EXERCISE OBJECTIVE: Look below for the line that has "This tense is"; output exactly from it through the line that has "Once your tweet", and leave the pictures out.

MATERIAL TO PROCESS:
= = = = = = =
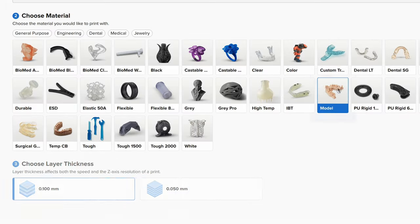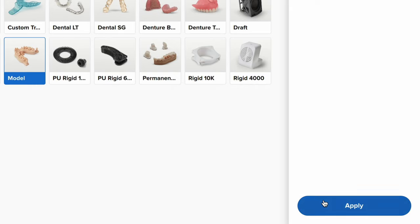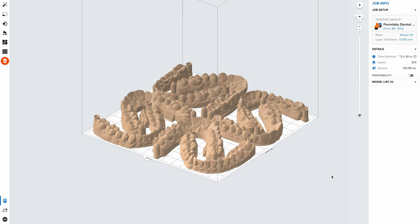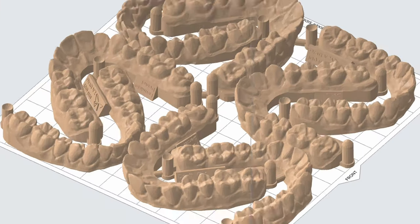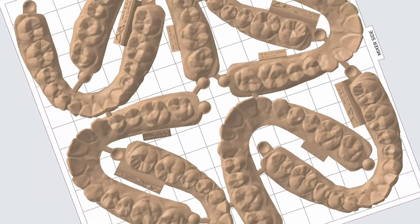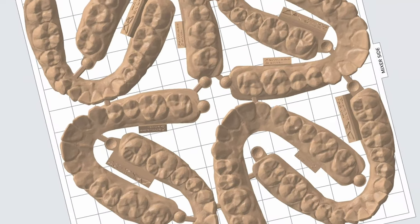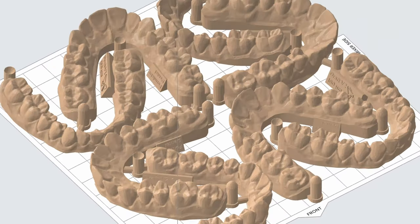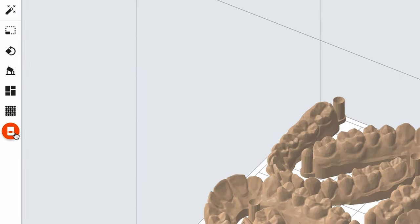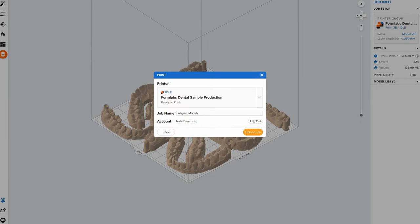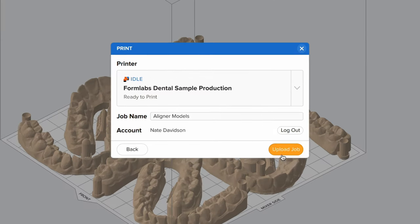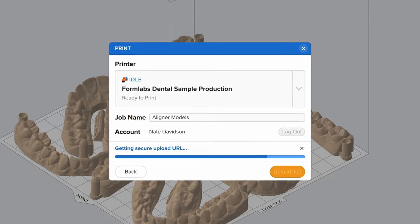Next, select your material and layer height and click Apply. We've connected these models together with small joining features so the individual print jobs can be easily identified after part release. Finally, clicking Start of Prints will automatically send your job to your selected printer group, which is where Fleet Control takes over.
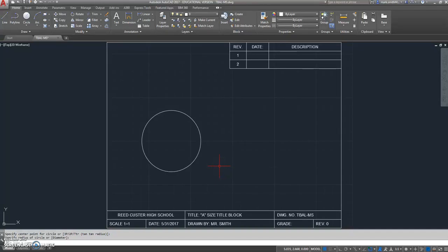In this video tutorial, we're going to talk about how to create center marks in circles.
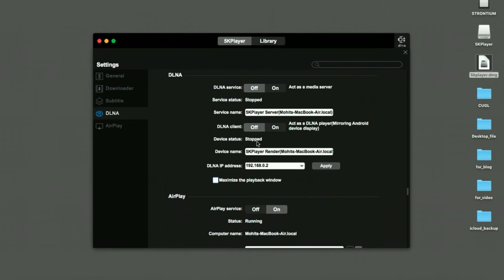And it will show the option for your MacBook. So just hit on that and select that MacBook.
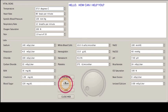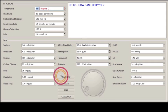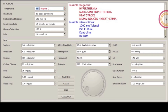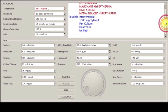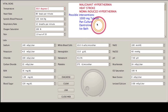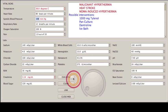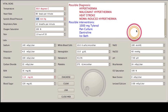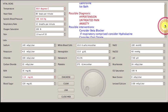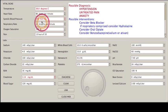I can push diagnose when the temperature is greater than 38.5. And hyperthermia, malignant hyperthermia, heat stroke, MDMA induced hyperthermia appear, as well as possible interventions. High systolic blood pressure will add right on to that and say hypertension, untreated pain, anxiety, with possible interventions.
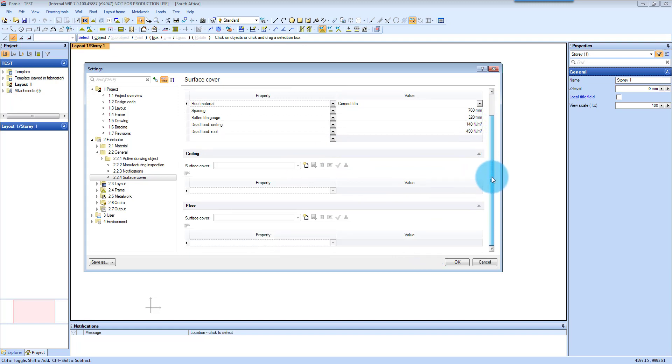You can also add a ceiling cover and you can do flooring as well when you do attics.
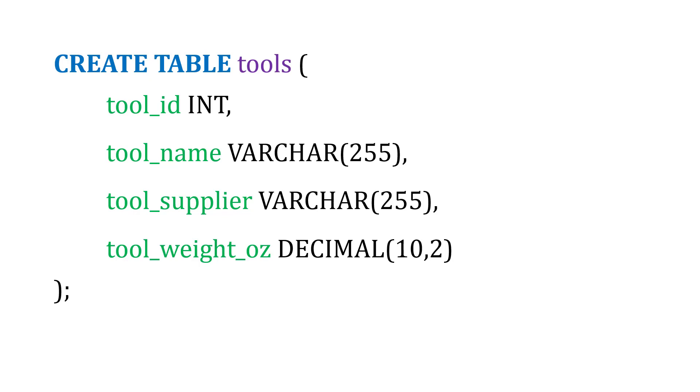The ID, we're going to use INT for integer. For the name and supplier, we're going to use VARCHAR, or variable characters, which is text. And we'll say it can be up to 255 characters in length.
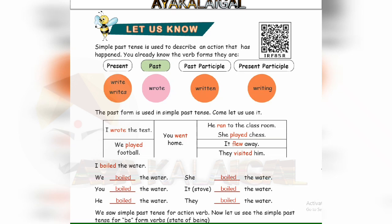This tense is the first part of the past tense — simple past tense. Simple past tense means one style. Come, let us have a look at the past tense table: subject, verb, object. The verb is in past tense. For example: I wrote the test. We played football. You went home. He ran to the classroom. She played chess. It flew away. They visited him. All verbs here are in the past tense.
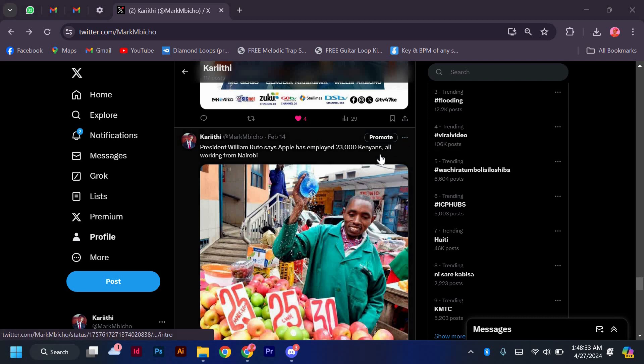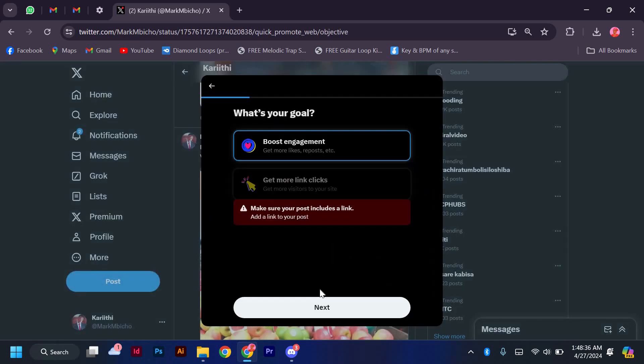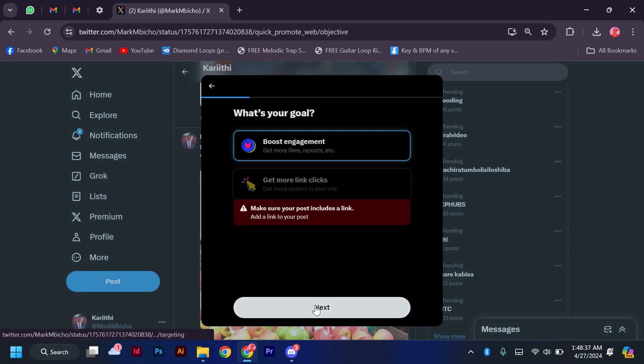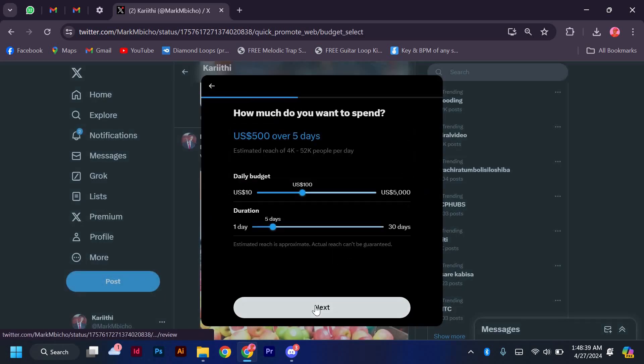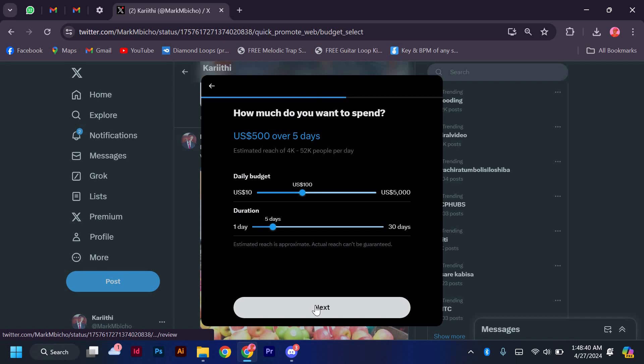Once your tweet is ready, navigate to the promote button on X, formerly known as Twitter, and select your target audience. You can choose specific demographics, interests, and locations to tailor your promotion for maximum impact.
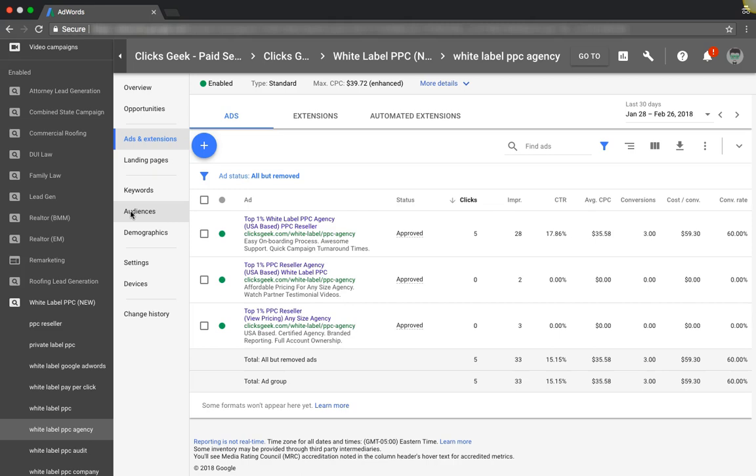All right guys, in today's video we're going to run through how to set up ad text that pulls high CTRs and high conversions. As you can see from this screen, our one ad here is converting at 60%, which is pretty awesome. Click-through rate 17.86%.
= = = = = = =
WRITTEN SOLUTION:
This tense is the first part of the past tense — simple past tense. Simple past tense means one style. Come, let us have a look at the past tense table: subject, verb, object. The verb is in past tense. For example: I wrote the test. We played football. You went home. He ran to the classroom. She played chess. It flew away. They visited him. All verbs here are in the past tense.
Once your tweet is ready, navigate to the promote button on X, formerly known as Twitter, and select your target audience. You can choose specific demographics, interests, and locations to tailor your promotion for maximum impact.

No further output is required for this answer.